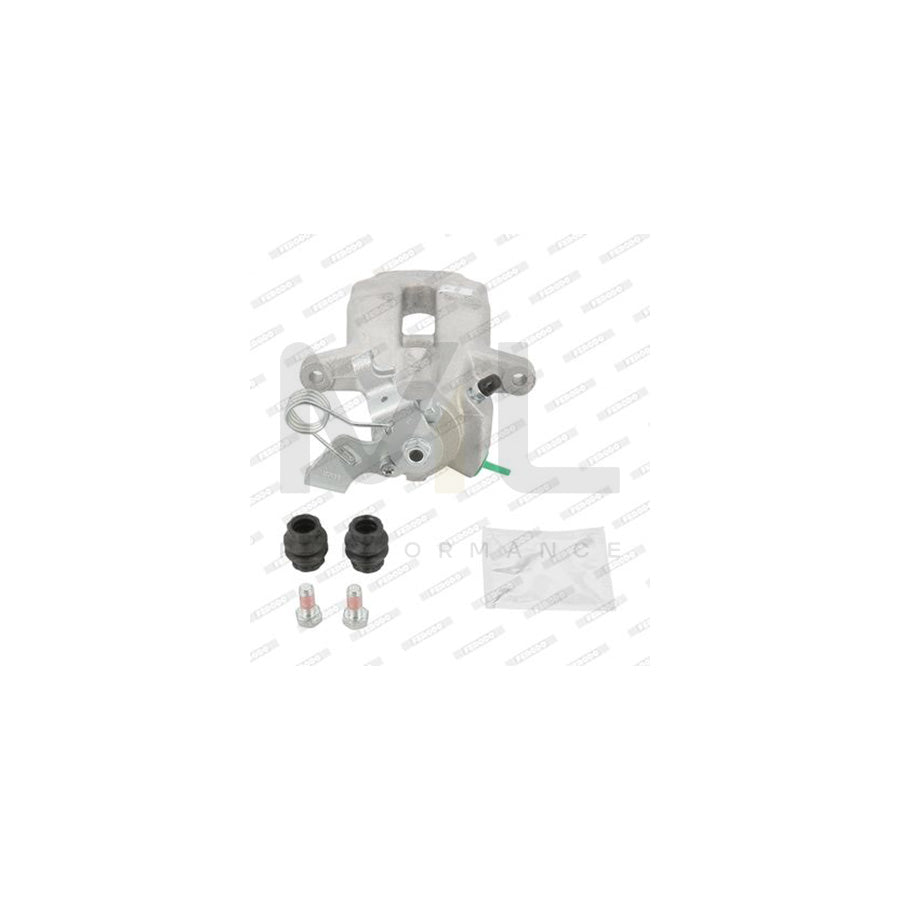 Ferodo Premier FCL694319 Brake Caliper With Accessories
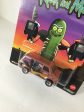 Hot wheels pop culture Rick and Morty 2 5 Ford Transit Super Van 269F Hot on Sale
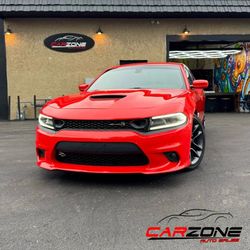2020 Dodge Charger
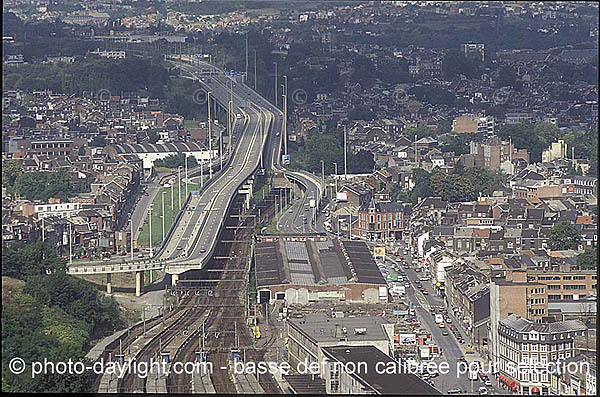 gare de Lige-Guillemins
Liege-Guillemins railway station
# # # # #
The task:
In your copy, leave out the pictures and reproduce the material above exactly.

Solution for this task:
 Ferodo Premier FCL694319 Brake Caliper With Accessories
 Hot wheels pop culture Rick and Morty 2 5 Ford Transit Super Van 269F Hot on Sale
2020 Dodge Charger
 gare de Lige-Guillemins
Liege-Guillemins railway station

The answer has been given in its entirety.